Segment Start: Recorded information

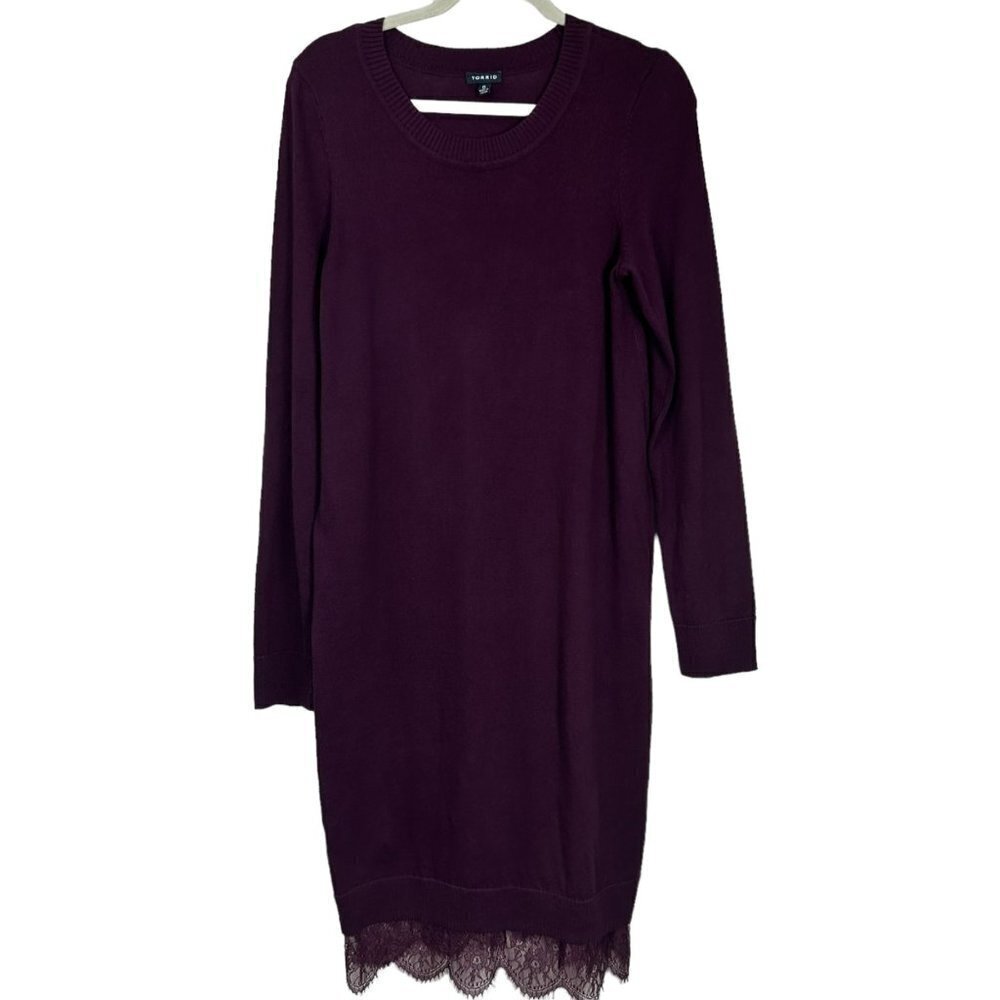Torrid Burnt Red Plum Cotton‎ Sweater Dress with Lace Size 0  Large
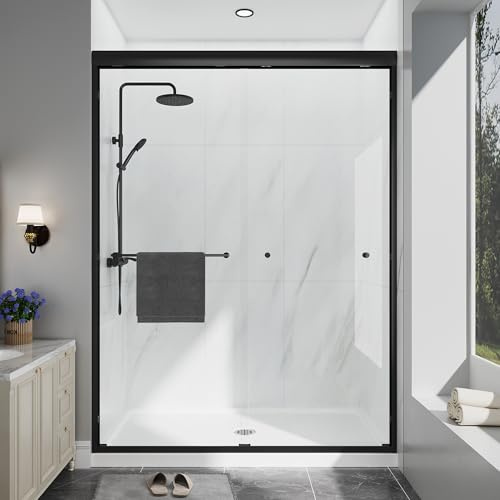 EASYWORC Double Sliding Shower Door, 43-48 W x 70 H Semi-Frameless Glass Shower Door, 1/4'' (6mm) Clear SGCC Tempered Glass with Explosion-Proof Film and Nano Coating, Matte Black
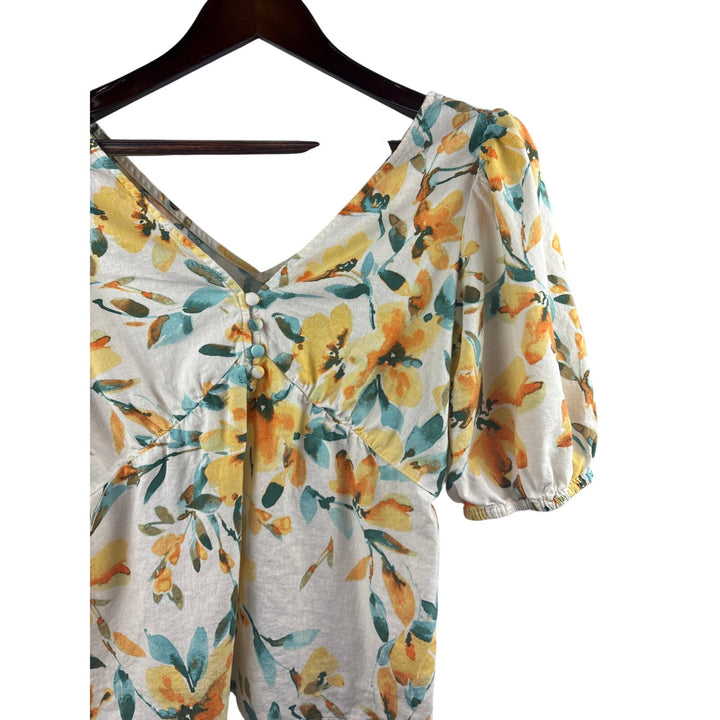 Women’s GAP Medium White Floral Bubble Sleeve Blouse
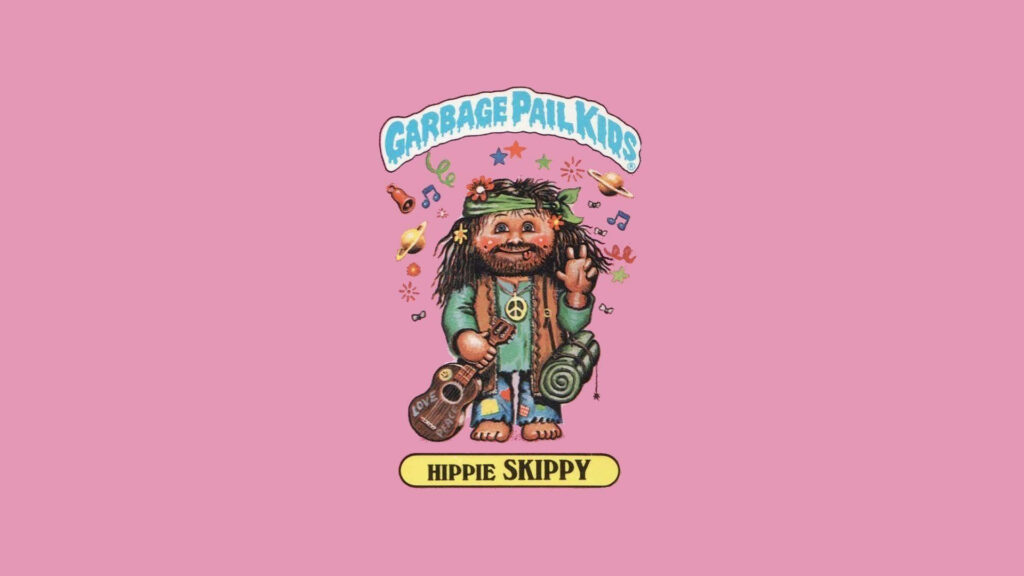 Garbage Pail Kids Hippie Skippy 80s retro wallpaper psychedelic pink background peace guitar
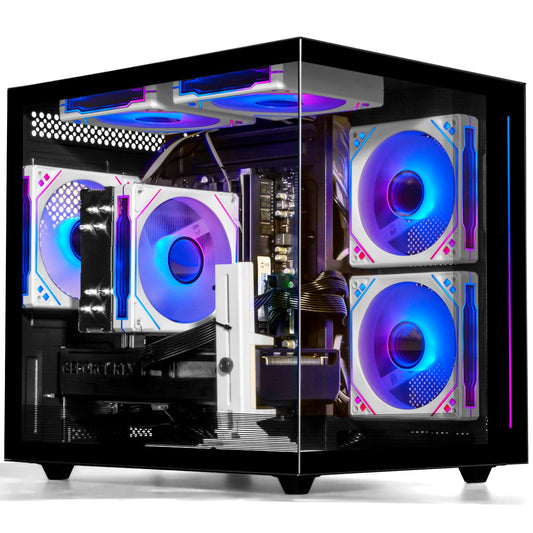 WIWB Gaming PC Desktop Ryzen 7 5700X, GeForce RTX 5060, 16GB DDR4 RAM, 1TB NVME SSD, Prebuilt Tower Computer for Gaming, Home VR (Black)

Segment End: Recorded information
Segment Start: Recorded information

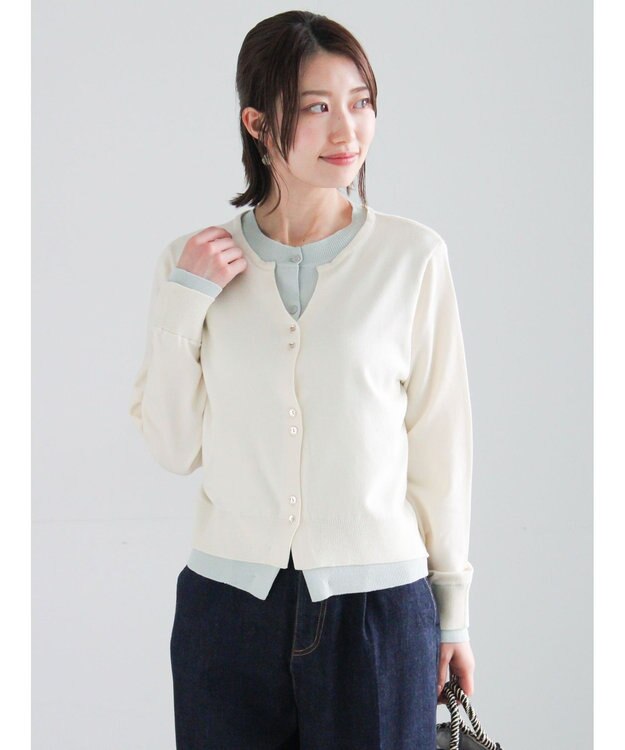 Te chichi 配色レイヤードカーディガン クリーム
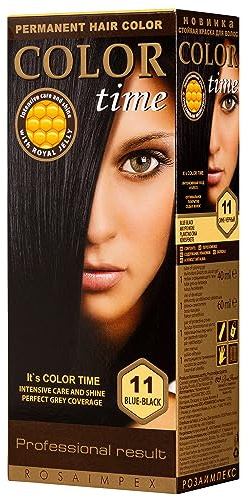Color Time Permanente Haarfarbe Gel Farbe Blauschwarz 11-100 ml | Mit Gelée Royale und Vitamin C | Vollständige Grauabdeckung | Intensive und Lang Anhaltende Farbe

Segment End: Recorded information
Segment Start: Recorded information

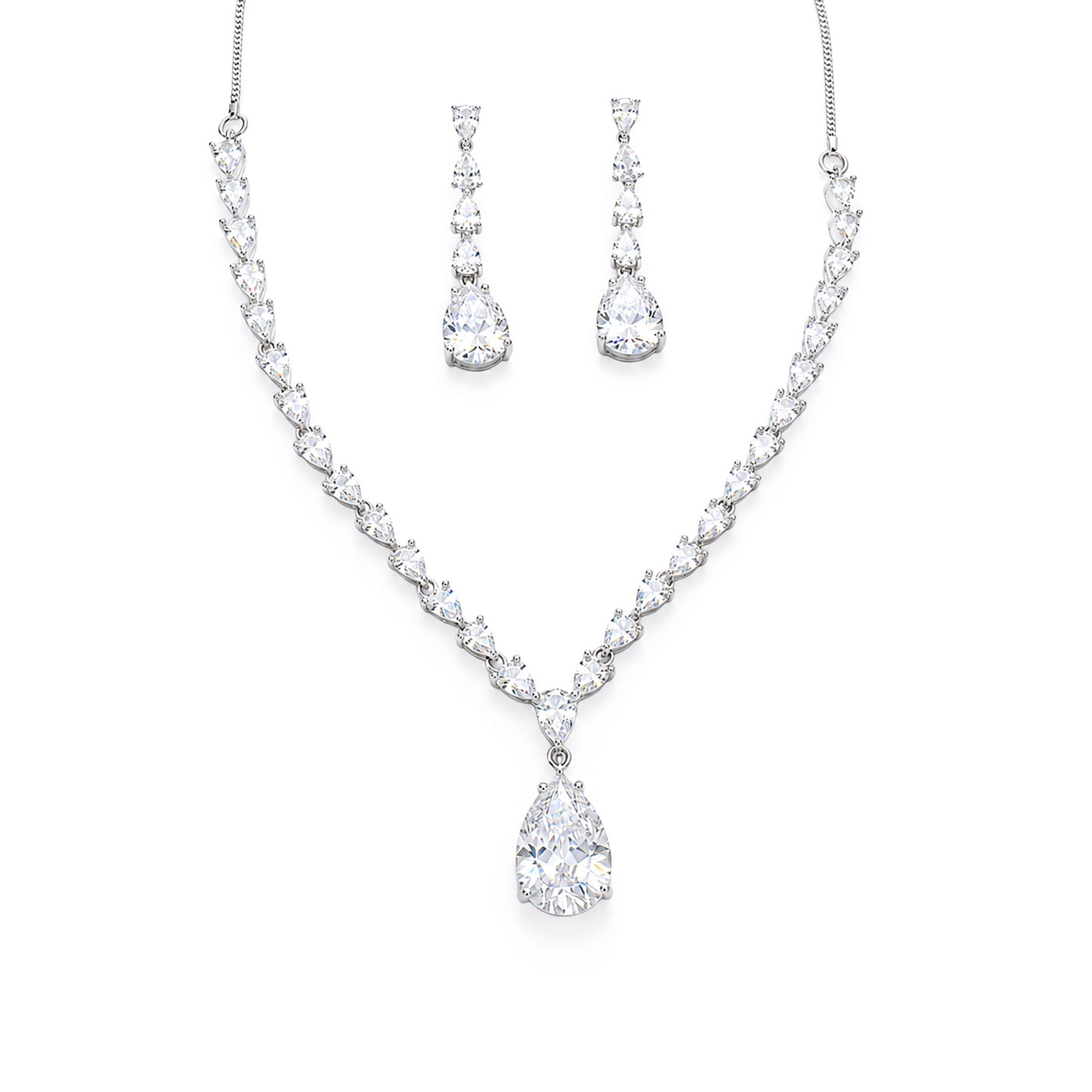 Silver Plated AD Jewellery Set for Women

Segment End: Recorded information

*Problem to work on*:
After locating the line containing "Te chichi 配色レイヤードカーディガン クリーム" in the entries above, return it and every line after it exactly, ending at the line containing "Color Time Permanente", without pictures.

*Reply to the exercise*:
 Te chichi 配色レイヤードカーディガン クリーム
Color Time Permanente Haarfarbe Gel Farbe Blauschwarz 11-100 ml | Mit Gelée Royale und Vitamin C | Vollständige Grauabdeckung | Intensive und Lang Anhaltende Farbe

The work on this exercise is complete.